Durable realtime events

How Scrydon preserves organization signals across outages and browser reconnects.

Scrydon records operational organization events in a durable, organization-scoped log before they reach realtime clients. A domain change and its outgoing event are committed together in the writer database. A relay publishes the committed event, and the platform stores an ordered ledger with an independent checkpoint for each supported consumer.

This provides at-least-once delivery: a consumer may see the same event again after a retry, but it does not silently lose a committed event. Scrydon consumers use the event ID for idempotency and acknowledge progress only after their destination work succeeds.

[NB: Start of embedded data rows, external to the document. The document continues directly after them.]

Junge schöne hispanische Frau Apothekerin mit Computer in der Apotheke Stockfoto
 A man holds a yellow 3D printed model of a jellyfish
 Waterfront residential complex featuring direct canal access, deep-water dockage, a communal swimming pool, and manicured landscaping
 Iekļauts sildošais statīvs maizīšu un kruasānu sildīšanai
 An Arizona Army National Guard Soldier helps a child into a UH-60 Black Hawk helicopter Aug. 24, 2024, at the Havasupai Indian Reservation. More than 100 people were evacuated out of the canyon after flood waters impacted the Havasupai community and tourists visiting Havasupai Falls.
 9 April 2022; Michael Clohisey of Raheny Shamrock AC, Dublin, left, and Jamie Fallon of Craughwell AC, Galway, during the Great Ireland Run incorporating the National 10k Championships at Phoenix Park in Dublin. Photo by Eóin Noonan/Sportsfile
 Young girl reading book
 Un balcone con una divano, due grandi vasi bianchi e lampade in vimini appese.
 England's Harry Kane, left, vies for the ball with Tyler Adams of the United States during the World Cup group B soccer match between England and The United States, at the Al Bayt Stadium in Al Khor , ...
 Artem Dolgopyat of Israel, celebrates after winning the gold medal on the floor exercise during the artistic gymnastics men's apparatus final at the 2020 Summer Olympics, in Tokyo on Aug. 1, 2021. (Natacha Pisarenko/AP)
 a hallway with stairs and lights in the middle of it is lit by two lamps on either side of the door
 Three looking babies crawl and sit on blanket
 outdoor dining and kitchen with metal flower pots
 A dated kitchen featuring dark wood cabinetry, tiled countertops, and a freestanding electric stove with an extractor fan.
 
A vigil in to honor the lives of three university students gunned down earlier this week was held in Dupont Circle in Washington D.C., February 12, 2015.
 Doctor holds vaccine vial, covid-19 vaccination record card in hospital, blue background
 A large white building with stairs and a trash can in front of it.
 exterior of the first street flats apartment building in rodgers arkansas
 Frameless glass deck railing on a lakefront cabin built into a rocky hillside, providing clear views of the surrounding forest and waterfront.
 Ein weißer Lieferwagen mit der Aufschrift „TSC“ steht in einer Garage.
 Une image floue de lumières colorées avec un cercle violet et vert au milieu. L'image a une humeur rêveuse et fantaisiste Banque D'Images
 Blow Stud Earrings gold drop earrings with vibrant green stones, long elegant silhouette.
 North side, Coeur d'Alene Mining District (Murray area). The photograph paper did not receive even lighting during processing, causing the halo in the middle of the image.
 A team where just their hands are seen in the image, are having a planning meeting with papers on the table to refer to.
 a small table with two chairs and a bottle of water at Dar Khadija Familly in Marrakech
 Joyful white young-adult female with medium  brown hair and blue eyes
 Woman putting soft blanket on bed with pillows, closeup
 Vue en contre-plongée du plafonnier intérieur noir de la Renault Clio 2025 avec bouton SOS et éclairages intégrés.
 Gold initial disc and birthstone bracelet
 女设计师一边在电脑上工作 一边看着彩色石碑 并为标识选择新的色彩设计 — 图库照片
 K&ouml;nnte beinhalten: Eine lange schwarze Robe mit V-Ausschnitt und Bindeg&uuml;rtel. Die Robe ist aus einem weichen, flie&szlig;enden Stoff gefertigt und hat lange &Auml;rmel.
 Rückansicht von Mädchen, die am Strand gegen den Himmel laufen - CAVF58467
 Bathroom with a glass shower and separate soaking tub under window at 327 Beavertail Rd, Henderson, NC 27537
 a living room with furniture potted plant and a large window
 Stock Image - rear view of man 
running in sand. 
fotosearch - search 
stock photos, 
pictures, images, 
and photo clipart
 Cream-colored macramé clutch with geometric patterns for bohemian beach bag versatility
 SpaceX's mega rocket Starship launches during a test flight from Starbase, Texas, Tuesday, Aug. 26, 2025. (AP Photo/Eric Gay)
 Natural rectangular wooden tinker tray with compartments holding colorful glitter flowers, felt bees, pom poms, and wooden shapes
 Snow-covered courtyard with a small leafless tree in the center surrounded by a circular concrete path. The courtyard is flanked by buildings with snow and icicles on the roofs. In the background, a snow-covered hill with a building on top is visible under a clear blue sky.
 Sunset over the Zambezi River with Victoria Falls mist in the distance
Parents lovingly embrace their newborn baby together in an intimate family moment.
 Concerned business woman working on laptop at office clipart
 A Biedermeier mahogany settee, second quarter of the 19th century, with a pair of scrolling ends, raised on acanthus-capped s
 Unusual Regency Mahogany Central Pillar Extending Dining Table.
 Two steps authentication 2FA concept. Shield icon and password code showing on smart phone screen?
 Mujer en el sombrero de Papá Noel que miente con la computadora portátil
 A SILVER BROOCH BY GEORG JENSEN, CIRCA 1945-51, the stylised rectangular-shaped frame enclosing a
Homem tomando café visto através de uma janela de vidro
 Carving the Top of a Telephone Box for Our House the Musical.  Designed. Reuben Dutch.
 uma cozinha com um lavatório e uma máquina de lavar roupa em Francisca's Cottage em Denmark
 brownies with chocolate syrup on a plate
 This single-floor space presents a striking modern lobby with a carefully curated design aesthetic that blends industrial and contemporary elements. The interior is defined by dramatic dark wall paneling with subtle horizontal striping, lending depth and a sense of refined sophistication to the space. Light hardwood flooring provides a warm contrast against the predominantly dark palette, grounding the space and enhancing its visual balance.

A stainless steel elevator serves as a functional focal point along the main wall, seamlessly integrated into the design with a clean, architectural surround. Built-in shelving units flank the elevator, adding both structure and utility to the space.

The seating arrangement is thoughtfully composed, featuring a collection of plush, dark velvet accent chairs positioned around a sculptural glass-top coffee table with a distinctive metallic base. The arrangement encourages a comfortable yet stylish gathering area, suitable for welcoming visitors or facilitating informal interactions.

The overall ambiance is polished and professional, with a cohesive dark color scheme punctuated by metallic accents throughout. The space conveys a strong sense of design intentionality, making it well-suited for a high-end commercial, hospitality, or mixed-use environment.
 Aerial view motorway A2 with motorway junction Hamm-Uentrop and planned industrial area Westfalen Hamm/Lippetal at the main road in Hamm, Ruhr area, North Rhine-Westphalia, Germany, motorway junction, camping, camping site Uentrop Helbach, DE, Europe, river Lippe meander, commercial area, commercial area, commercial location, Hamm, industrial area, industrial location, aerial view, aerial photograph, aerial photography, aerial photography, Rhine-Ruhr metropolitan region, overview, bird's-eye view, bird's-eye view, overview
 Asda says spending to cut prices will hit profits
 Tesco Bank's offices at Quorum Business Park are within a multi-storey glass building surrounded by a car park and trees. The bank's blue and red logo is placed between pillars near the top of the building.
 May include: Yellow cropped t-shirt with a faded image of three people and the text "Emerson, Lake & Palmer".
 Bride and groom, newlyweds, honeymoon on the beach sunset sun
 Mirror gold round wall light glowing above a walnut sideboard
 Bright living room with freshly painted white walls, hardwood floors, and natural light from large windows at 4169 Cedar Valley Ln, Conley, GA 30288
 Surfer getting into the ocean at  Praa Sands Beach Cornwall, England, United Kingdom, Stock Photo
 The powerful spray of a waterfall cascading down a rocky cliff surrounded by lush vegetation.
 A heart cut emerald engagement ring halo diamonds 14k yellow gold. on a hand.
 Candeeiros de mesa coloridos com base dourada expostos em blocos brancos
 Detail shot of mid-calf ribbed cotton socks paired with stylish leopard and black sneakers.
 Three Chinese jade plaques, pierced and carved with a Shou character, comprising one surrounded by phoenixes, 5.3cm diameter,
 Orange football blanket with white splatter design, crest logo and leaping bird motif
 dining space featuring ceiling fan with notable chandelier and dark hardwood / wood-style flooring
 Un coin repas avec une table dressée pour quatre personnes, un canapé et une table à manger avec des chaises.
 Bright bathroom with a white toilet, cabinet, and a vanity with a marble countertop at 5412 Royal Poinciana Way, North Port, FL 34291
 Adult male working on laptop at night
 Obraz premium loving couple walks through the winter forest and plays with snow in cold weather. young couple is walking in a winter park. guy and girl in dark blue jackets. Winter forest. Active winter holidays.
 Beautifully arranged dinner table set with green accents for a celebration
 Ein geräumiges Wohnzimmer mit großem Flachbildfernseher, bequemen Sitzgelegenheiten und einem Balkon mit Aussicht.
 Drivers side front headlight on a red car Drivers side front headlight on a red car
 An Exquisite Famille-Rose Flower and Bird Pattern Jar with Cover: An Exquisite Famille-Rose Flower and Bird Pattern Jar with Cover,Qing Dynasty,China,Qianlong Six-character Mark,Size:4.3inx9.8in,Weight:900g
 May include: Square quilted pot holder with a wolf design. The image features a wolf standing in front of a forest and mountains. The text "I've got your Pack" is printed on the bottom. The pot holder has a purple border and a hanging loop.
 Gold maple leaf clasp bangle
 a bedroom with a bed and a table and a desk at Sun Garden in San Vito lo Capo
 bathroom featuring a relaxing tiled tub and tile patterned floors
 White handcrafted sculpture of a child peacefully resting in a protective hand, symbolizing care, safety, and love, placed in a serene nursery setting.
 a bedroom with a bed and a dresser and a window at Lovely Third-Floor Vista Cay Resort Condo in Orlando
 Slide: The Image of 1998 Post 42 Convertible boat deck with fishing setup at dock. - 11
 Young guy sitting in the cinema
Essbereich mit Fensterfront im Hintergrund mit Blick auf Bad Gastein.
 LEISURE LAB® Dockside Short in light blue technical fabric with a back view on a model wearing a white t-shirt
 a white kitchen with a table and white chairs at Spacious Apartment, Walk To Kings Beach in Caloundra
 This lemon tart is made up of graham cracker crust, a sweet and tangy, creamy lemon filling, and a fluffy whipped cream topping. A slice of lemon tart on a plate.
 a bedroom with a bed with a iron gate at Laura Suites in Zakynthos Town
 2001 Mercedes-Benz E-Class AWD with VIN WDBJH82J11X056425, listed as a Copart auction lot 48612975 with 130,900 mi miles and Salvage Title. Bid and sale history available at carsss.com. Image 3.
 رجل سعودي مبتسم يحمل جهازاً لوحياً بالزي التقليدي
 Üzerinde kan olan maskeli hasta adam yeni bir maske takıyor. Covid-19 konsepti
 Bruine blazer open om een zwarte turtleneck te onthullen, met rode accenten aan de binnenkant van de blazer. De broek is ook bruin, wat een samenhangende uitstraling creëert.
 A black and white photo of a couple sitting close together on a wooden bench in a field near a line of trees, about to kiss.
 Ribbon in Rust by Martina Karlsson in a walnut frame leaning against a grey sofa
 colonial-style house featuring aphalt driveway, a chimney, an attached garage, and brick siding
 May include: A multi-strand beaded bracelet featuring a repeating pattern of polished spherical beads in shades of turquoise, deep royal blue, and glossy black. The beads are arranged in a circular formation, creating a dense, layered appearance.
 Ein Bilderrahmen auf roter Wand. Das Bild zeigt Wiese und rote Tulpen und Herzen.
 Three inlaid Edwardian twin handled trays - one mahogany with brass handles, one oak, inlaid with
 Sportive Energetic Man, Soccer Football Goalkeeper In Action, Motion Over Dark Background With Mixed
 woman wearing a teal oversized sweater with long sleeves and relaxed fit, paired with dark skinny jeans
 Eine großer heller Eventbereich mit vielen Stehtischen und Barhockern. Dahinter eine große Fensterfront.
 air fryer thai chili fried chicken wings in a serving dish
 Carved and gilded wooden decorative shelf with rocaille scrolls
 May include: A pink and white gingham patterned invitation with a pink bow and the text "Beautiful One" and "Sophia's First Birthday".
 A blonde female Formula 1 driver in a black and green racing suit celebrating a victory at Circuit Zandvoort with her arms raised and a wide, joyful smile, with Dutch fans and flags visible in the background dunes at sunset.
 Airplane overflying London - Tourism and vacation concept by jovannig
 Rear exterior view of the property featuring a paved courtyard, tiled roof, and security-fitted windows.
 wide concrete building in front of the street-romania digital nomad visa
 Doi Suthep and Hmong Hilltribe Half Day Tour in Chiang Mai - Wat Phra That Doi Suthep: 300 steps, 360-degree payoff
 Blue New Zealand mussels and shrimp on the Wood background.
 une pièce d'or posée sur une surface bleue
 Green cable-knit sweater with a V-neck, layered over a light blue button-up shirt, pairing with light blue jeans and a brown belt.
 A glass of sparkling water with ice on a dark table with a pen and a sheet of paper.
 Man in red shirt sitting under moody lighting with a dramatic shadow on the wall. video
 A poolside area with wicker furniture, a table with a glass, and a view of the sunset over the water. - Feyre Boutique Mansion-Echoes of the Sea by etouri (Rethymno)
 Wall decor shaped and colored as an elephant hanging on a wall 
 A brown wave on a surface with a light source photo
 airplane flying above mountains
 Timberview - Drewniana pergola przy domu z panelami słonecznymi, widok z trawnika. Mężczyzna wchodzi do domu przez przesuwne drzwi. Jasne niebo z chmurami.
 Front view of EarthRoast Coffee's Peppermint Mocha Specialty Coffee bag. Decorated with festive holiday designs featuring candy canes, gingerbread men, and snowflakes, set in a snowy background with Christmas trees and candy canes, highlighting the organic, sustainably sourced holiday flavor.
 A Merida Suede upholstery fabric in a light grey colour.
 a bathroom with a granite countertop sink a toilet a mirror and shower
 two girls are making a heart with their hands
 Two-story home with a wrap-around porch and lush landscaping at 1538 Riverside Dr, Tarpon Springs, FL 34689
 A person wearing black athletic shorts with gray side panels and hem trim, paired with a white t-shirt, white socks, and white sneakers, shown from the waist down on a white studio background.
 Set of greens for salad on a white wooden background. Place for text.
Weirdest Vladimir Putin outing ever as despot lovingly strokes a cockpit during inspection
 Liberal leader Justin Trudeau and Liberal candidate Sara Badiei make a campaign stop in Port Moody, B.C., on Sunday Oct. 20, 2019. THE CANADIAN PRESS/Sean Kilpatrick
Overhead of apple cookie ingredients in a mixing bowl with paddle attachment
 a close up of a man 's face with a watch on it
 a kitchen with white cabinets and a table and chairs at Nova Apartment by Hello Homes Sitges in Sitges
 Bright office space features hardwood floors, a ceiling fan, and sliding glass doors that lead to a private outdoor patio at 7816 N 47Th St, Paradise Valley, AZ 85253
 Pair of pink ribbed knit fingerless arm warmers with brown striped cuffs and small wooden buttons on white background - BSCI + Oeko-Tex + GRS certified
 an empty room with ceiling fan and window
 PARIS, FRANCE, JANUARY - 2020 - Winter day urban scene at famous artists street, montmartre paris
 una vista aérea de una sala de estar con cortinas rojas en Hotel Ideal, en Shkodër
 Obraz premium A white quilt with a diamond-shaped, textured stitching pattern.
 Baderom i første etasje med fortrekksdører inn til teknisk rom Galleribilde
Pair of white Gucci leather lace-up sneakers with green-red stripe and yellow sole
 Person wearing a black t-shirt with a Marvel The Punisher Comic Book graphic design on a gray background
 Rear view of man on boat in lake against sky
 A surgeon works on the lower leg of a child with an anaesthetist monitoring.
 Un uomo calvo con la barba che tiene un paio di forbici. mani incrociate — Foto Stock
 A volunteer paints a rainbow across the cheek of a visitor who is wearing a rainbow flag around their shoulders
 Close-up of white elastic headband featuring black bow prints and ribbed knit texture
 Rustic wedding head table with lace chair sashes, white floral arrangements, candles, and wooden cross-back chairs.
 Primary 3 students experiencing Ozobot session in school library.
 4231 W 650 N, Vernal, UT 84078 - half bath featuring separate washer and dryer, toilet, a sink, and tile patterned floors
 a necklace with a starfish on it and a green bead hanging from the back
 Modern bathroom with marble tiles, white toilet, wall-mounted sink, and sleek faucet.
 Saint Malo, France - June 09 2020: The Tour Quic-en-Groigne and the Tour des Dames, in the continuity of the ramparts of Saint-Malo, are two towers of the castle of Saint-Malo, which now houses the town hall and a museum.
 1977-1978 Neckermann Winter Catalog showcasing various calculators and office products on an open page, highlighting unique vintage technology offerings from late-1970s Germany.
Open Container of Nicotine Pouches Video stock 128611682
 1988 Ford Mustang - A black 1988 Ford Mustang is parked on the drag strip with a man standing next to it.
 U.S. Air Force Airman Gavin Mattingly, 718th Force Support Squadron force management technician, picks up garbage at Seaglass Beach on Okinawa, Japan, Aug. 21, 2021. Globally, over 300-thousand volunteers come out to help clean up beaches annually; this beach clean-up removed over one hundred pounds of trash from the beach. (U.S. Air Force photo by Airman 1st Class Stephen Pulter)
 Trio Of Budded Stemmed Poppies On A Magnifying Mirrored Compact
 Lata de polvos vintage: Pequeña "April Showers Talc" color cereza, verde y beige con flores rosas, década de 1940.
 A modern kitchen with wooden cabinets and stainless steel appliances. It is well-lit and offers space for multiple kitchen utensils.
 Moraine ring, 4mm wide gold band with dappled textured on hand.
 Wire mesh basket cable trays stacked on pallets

Realtime organization events are thin invalidation signals. They tell a client that governed data changed; they do not contain a replacement copy of the governed record. The client re-reads through the normal authorization and data-policy path.

Browser reconnects

The org-events client negotiates the durable protocol with the realtime server. New servers return an opaque cursor key scoped to the signed-in user and active organization. The client saves the last dispatched offset, requests missed signals after reconnect, orders live and catch-up envelopes, removes duplicates, and advances the cursor after the application handler runs.

If retained history no longer covers the saved cursor, the client clears it, invokes the application's governed full-resync callback, and resumes from the latest retained position. During a mixed-version deployment, a bounded negotiation timeout attaches the legacy live-only socket listeners; a successful durable capability response suppresses that fallback.

Applications using subscribeOrgEvents receive the same event-name handlers as before. Durable envelopes and cursor storage are handled by the shared SDK kernel; application code should continue treating every signal as a reason to refresh governed data.